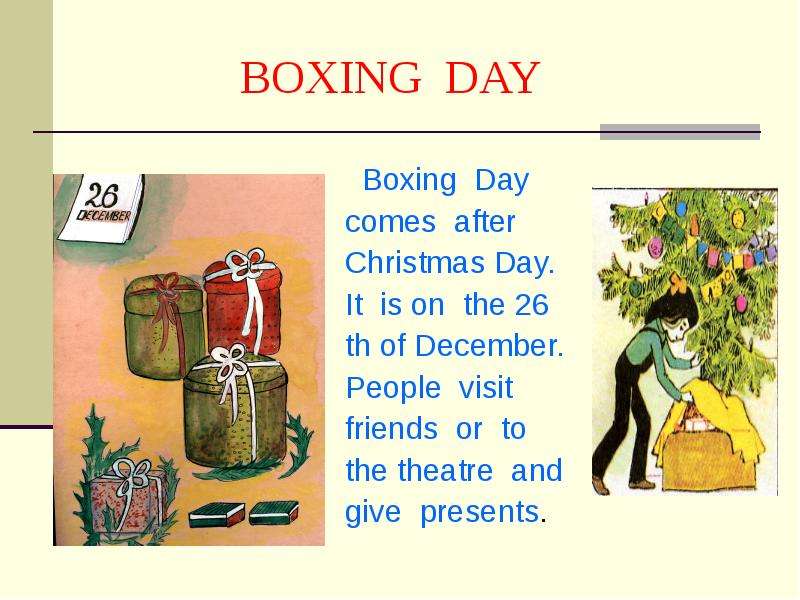 BOXING DAY Boxing Day comes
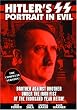 Hitler's SS - Portrait in Evil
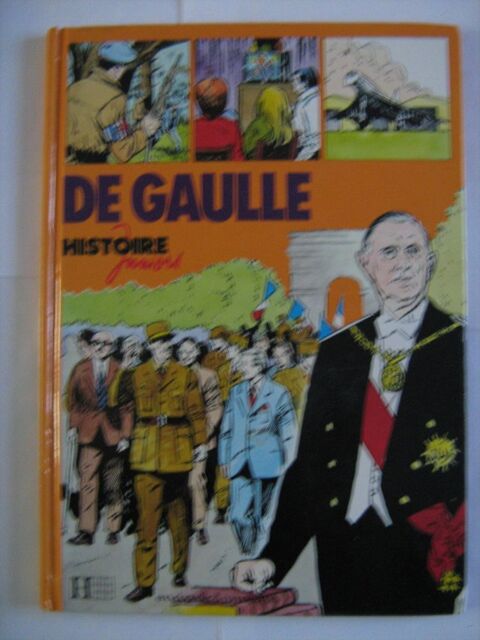 DE GAULLE édition HACHETTE histoire juniors ENCYCLOPEDIE ET  3 Brest (29)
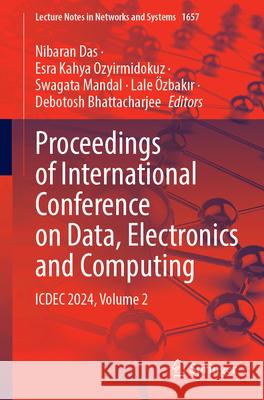 Proceedings of International Conference on Data, Electronics and Computing  9789819531622 Springer - książka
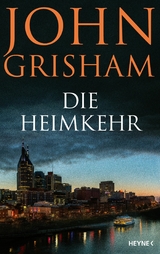 Die Heimkehr -  John Grisham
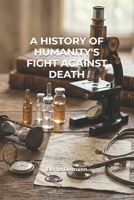 A History of Humanity's Fight Against Death B0H49WSJC4 Book Cover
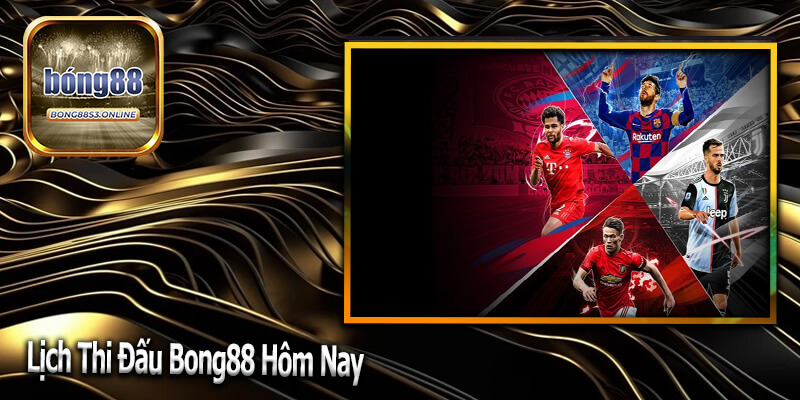 Lịch Thi Đấu Bong88 Hôm Nay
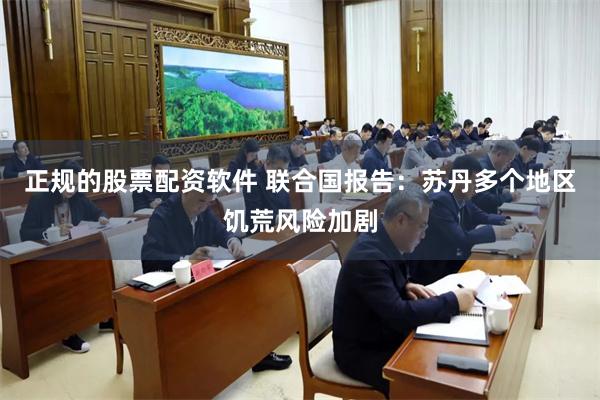 正规的股票配资软件 联合国报告:苏丹多个地区饥荒风险加剧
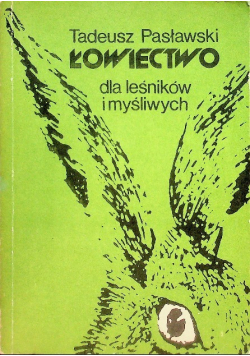 Łowiectwo dla leśników i myśliwych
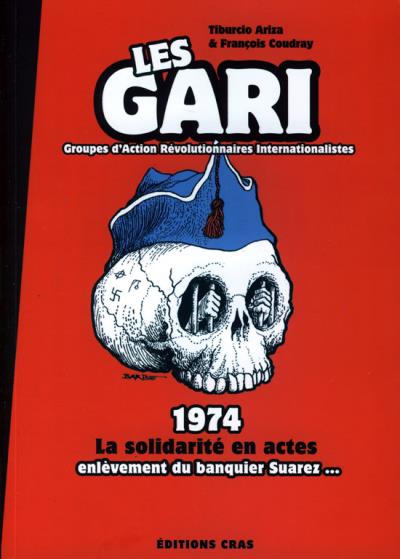 Les Groupes d'action révolutionnaire internationalistes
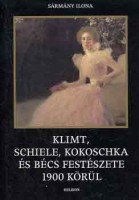 Sármány Ilona : Klimt, Schiele, Kokoschka és Bécs festészete 1900 körül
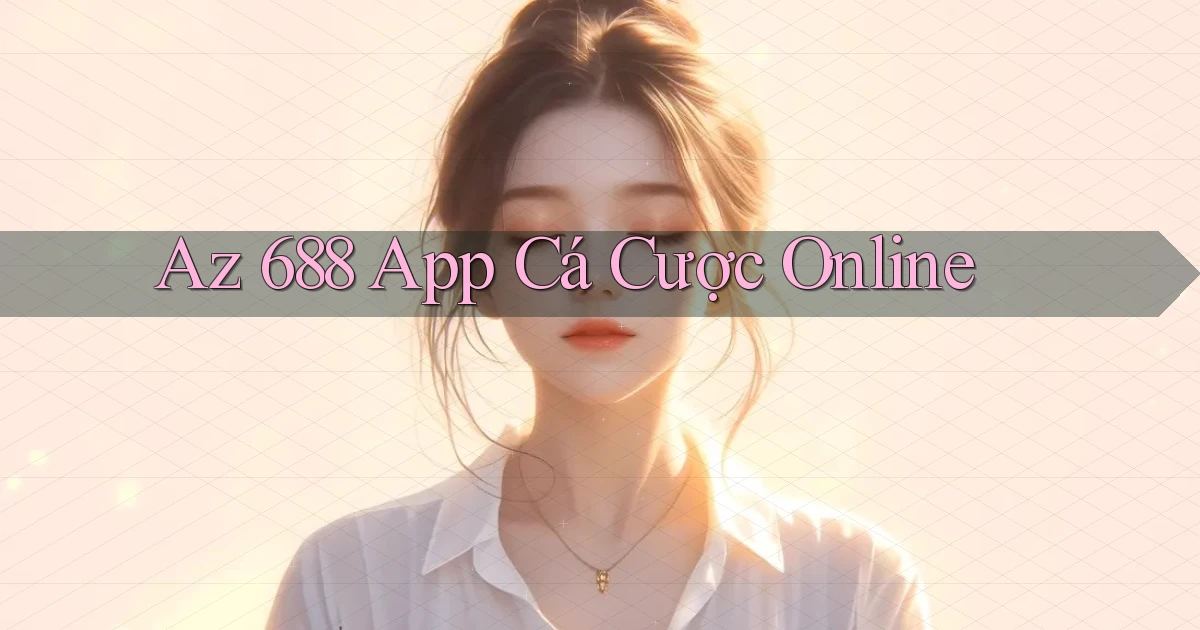 az 688 app cá cược online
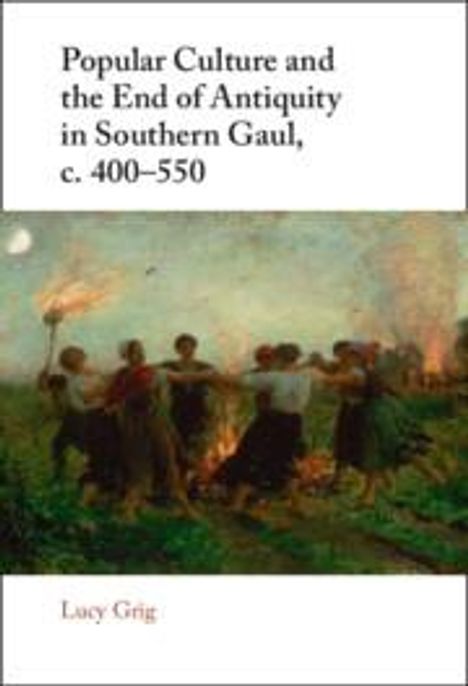 Lucy Grig: Popular Culture and the End of Antiquity in Southern Gaul, c. 400-550, Buch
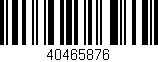 Código de barras (EAN, GTIN, SKU, ISBN): '40465876'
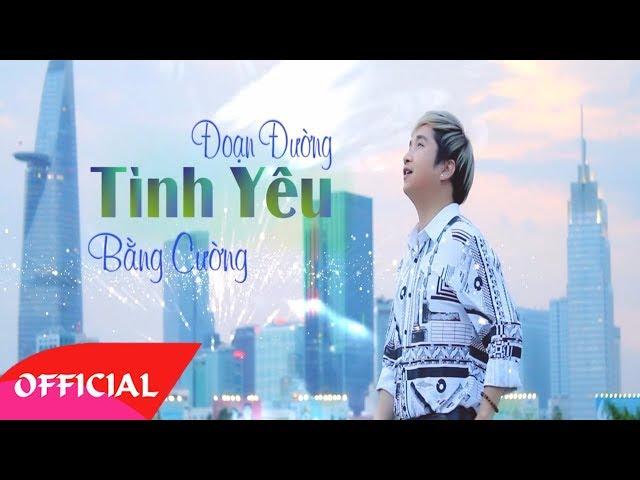 Đoạn Đường Tình Yêu - Bằng Cường [Official MV]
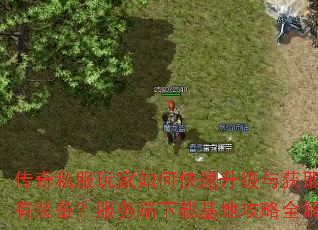 传奇私服玩家如何快速升级与获取稀有装备?服务端下载基地攻略全解析 传奇私服玩家如何快速升级与获取稀有装备?服务端下载基地攻略全解析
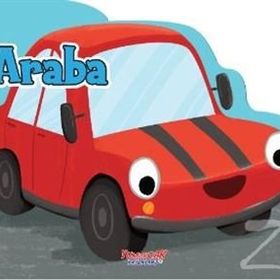 Araba / Şekilli Kitap / Yumurcak Yayınları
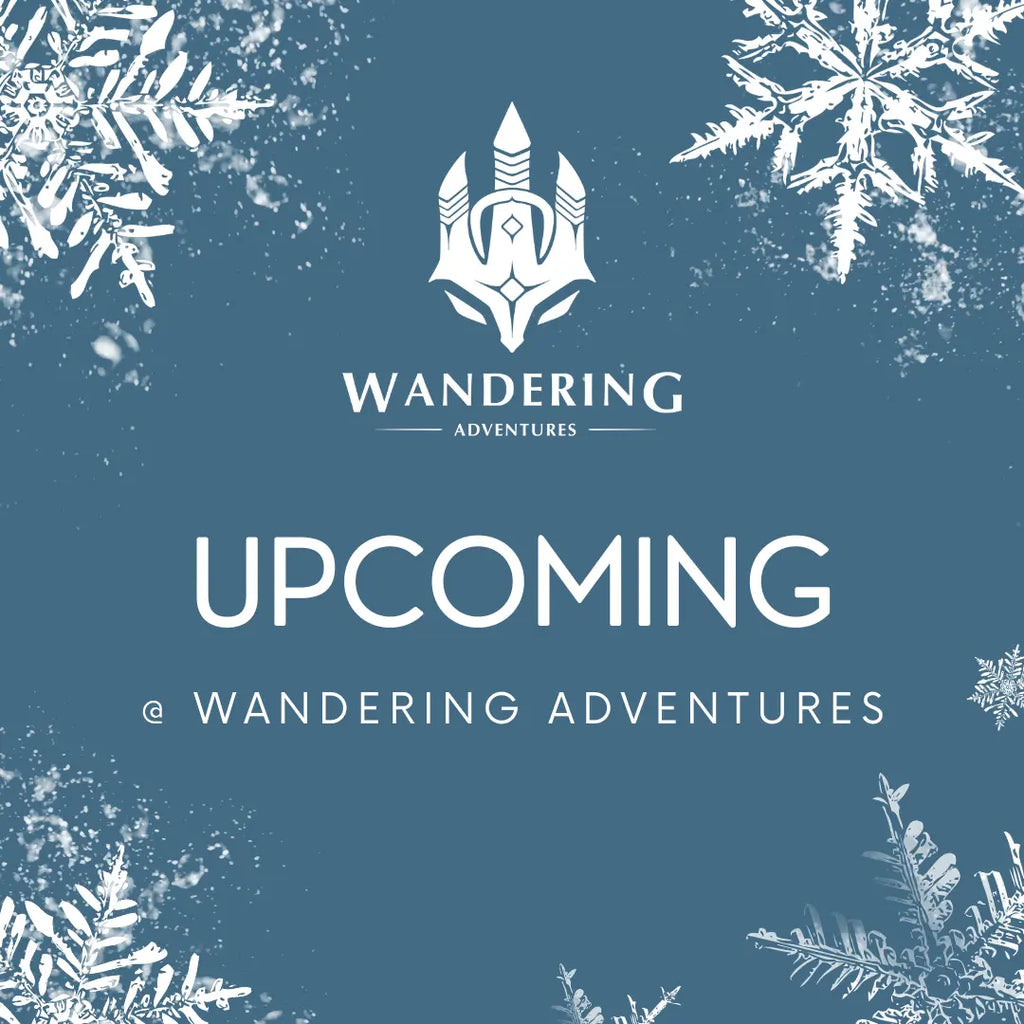 Upcoming Events and Exciting Plans at Wandering Adventures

· · · · ·

## What is needed
Copy only what lies between the line with "DE GAULLE édition" and the line with "A History of", those two lines included, exactly as given above; pictures stay out.

## Output
 DE GAULLE édition HACHETTE histoire juniors ENCYCLOPEDIE ET  3 Brest (29)
 Proceedings of International Conference on Data, Electronics and Computing  9789819531622 Springer - książka
 Die Heimkehr -  John Grisham
 A History of Humanity's Fight Against Death B0H49WSJC4 Book Cover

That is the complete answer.